E qui è anche molto probabile che ci sia parecchia spiritualità, in tutto questo continuo nascondere i corpi allo sguardo, agli occhi. Questi paessggi immateriali, queste, di fatto, realtà immateriali uniformi nel raporesentare i toni del perpetuo, sono sole come anime, prive di vita, eterne, immortali. Non esiste nulla di deperibile nei lavori di Frank Stella e Clyfford Still; si bypassa la terza dimensione per proiettarsi direttamente verso l’infinito. L’infinito caro ai romantici ottocenteschi.
Ed effettivamente nei lavori di Stella e Still c’è proprio l’ombra di un dramma post industriale, post moderno: cosa ci sarà alla fine, quando verremmo completamente sommersi dalla macchina tecnologica? Flashes? Lampi di luce infuocata? Nubi di gas monocromatici?
In questa loro sublimazione cromatica del reale, c’è tutta tutta un’indagine quasi esistenzialista sul post umano, e lanciano appelli di postumanesimo, di paessggi sopraffatti. E in questa indagine sul post umano c’è tutta la volontà degli artisti nell’affermare la natura e la matrice di luce dei corpi e delle masse, come in un monito: noi siamo polvere di stelle evolutasi in autociscienza. E quello torneremo ad essere: polvere di luce e sole immateriale. Ed è proprio nell’espressione di questa volontà, come in un presagio, che si ferma il positivismo della scienza e della tecnologia. Il progresso porta a un vicolo cieco. Il progresso accelera i tempi dell’estinzione. Ora lo sappiamo per certo. Clyfford Still e Frank Stella lo sanno per certo. Turner l’aveva solo intuito e spiegato in un discorso metaforico.

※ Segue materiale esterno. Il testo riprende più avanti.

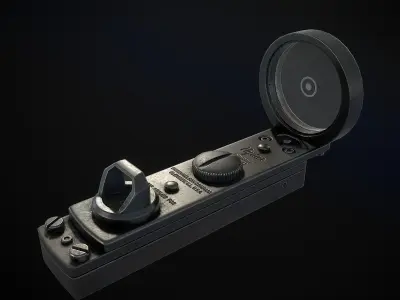 Nydar Model 47 Reflex Sight Low-poly 3D model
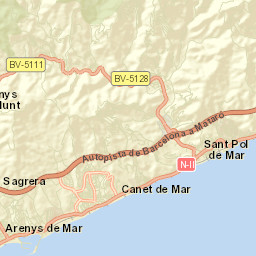 Canet de Mar Street Map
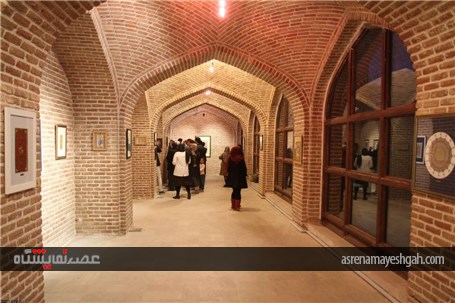 نمایشگاه آثار نگارگری مکتب قزوین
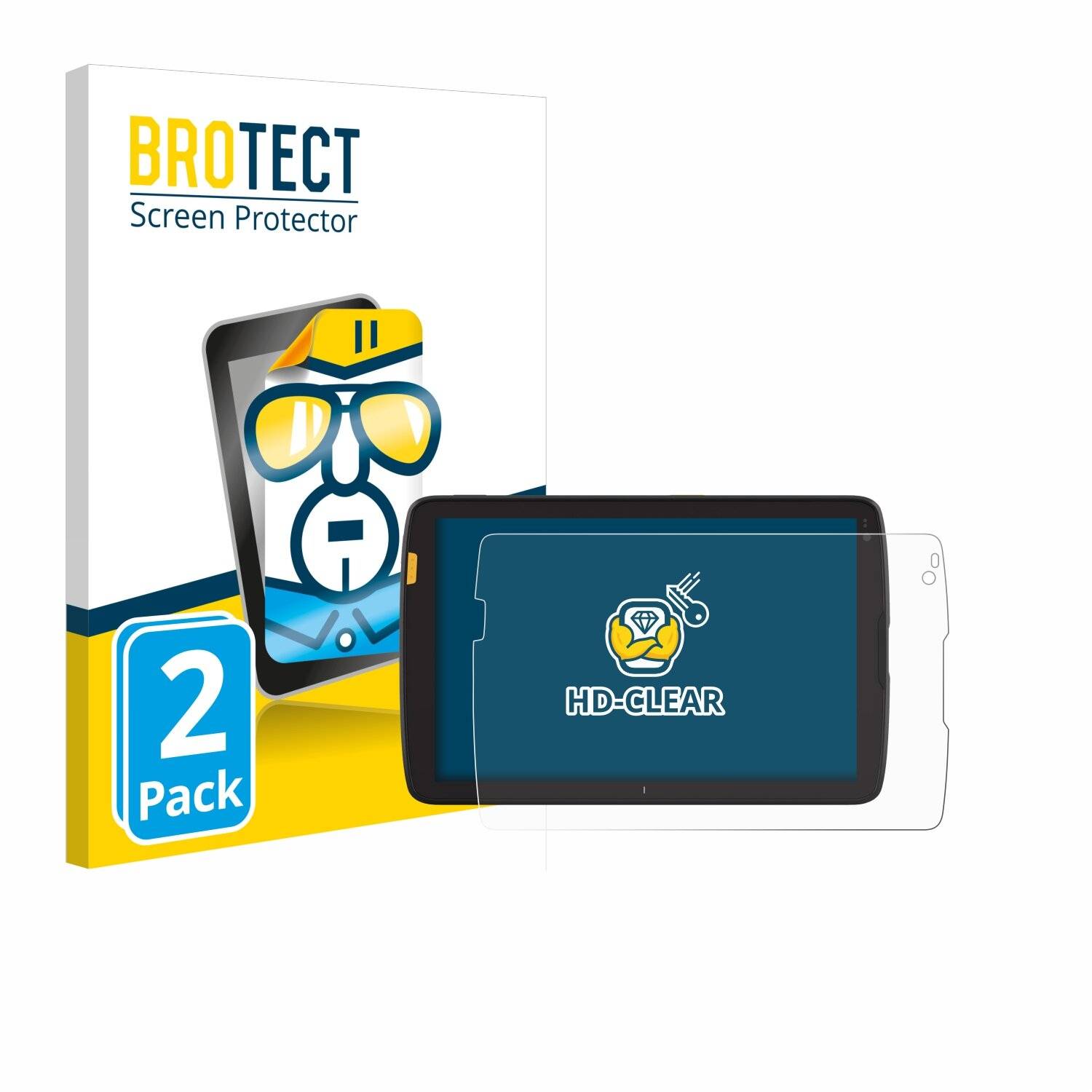 2x BROTECT HD-Clear Displayschutzfolie für Zebra ET40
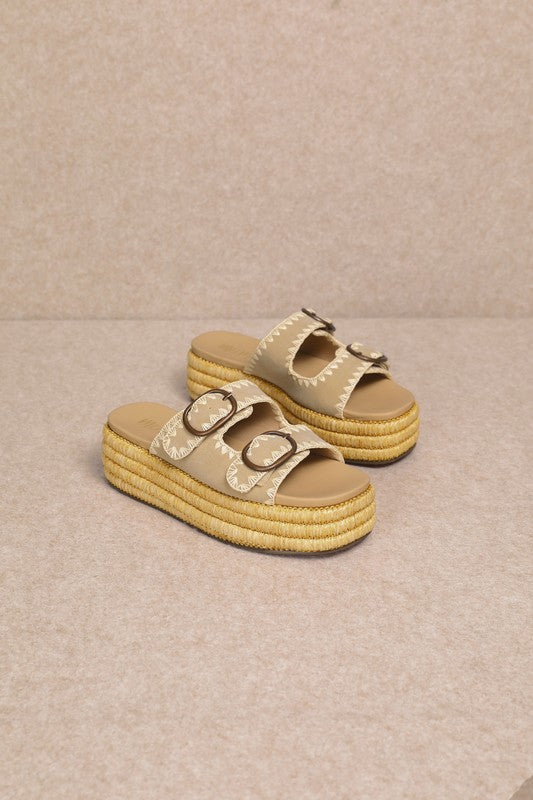 The Heidi Platform Sandal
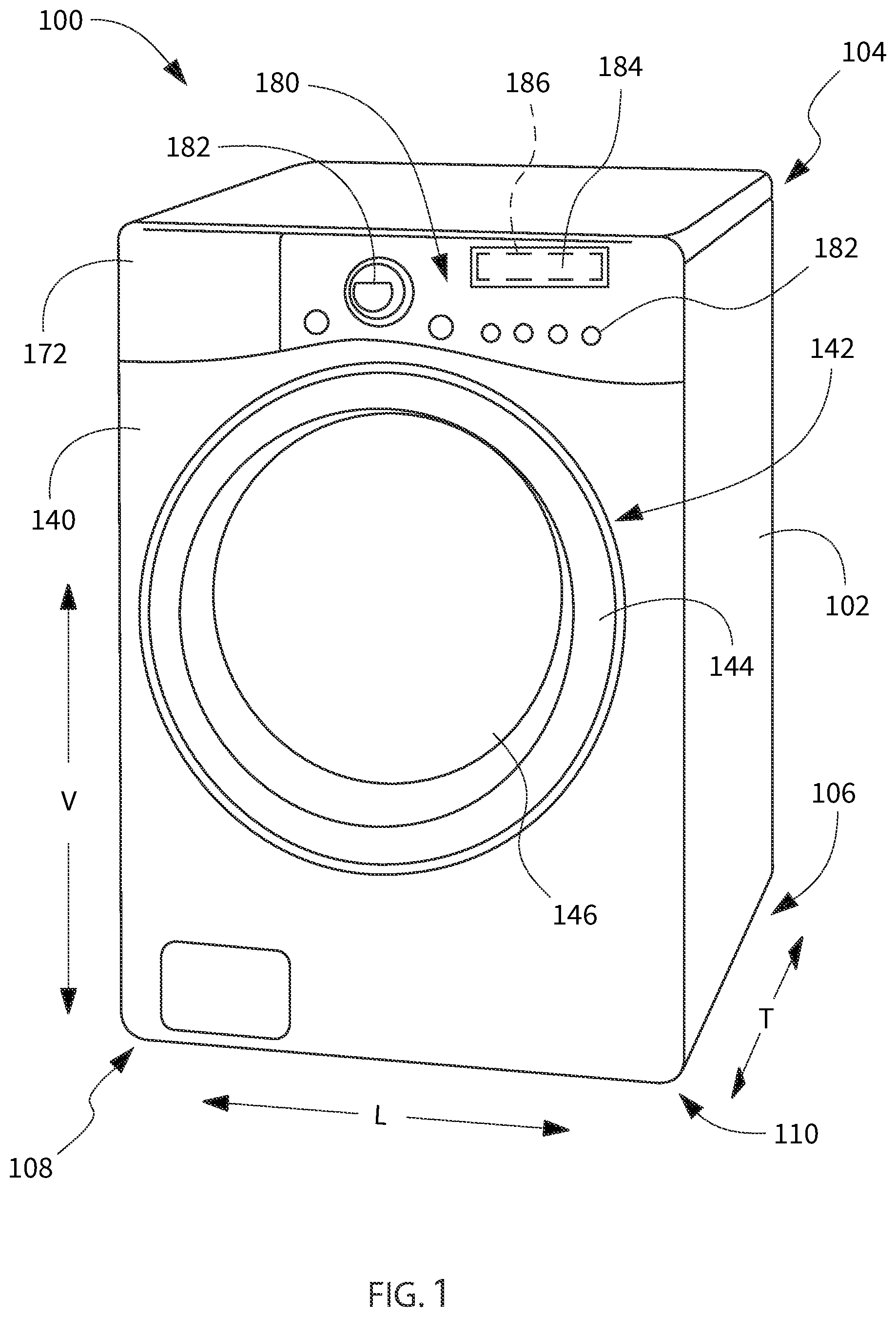 Patent US12618190 Figure 1 – Washing machine dry cycle efficacy prediction
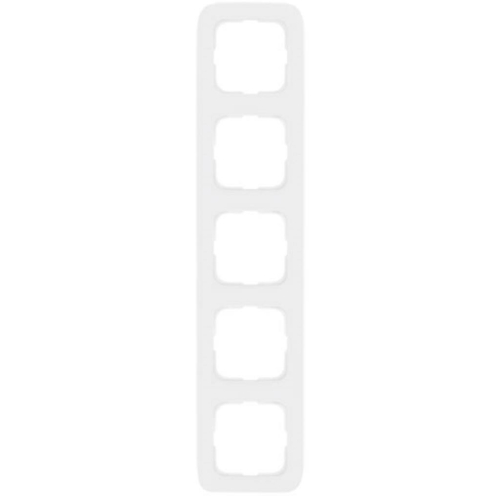 Abdeckrahmen, 5-fach, reinweiß, Klein SI®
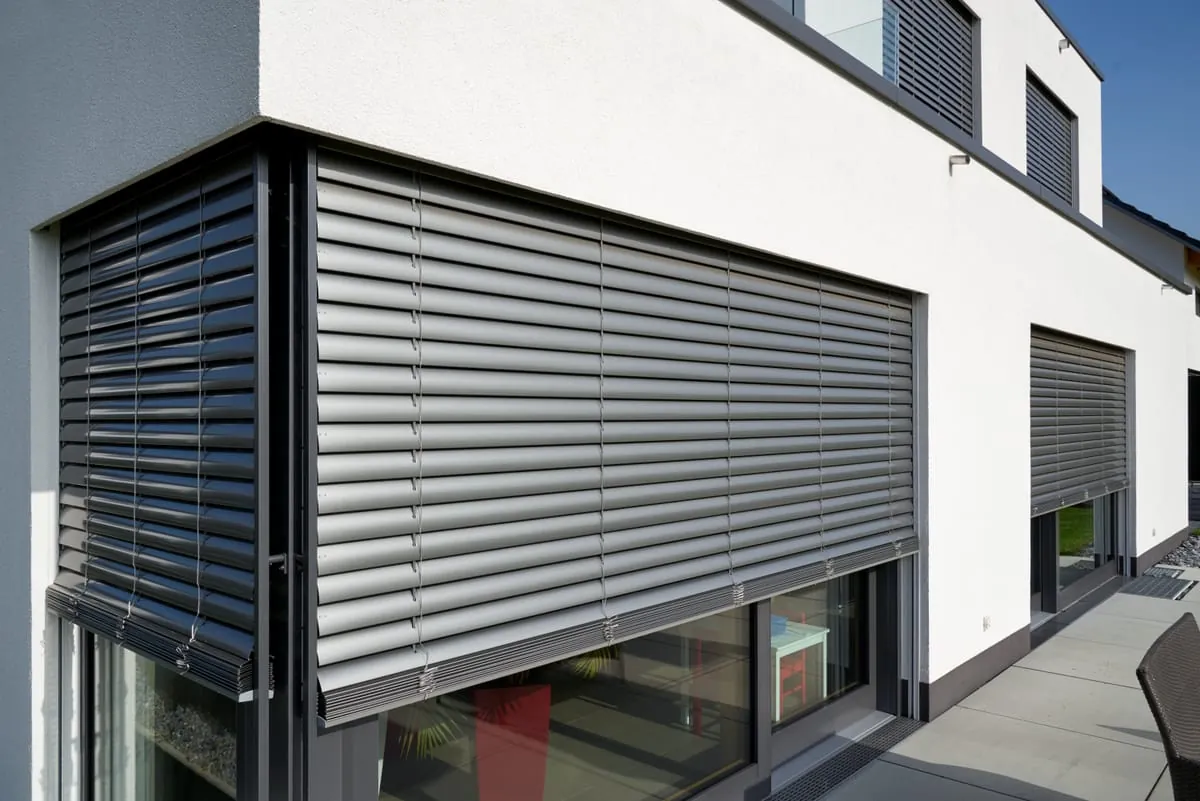 Alukon-eigene Raffstores haben sich am Markt etabliert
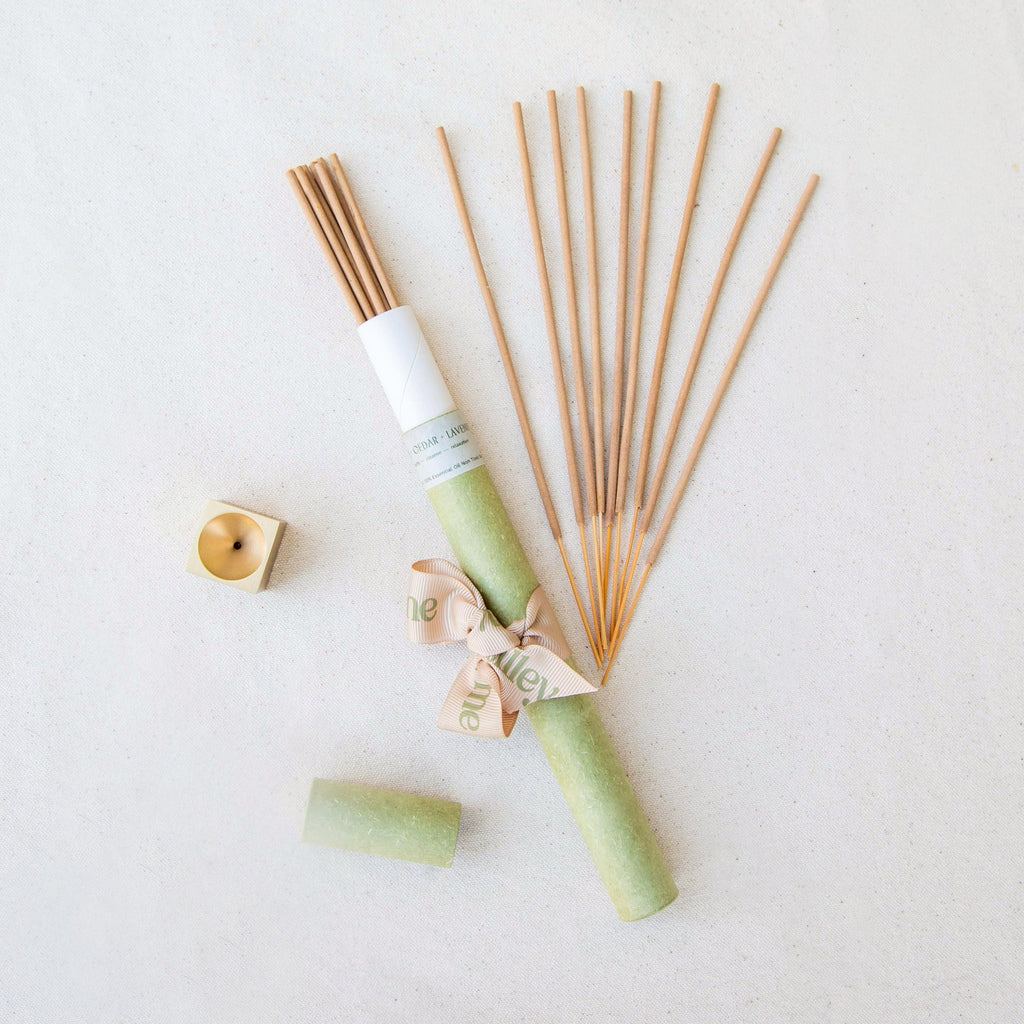 Essential Oil Incense Sticks for Aromatherapy by Tilley + Me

I due pittori americani non vogliono delineare i contorni della realtà come la si vede quotidianamente, ma dilberatamente dare della natura un’interpretazione contestualizzata alle sue proprietà elementari e alle sue connotazioni di sopravvivenza in prospettiva del fatto che come ci insegna la fisica contemporanea nulla di quello che vediamo è reale. Il mondo oggi si dice con parole diverse. E strano a dirsi, ma è proprio la scienza a dircelo e con parole molto chiare. E c’è un livellamento verso l’unità fondamentale, una sintesi quasi hegeliana, una reductio ad unum che fa quasi spavento in tutti i loro lavori. E chiaramente esprimono tutta quella possente libertà di pensiero tipica dell’età Romantica e anelano all’infinito che fu di Leopardi, alla quiete, al silenzio, all’ordine più estremo, immoto e soprannaturale – e comunque credo che sia bello rivivere la poetica dell’ottocento in due pittori americani contemporanei.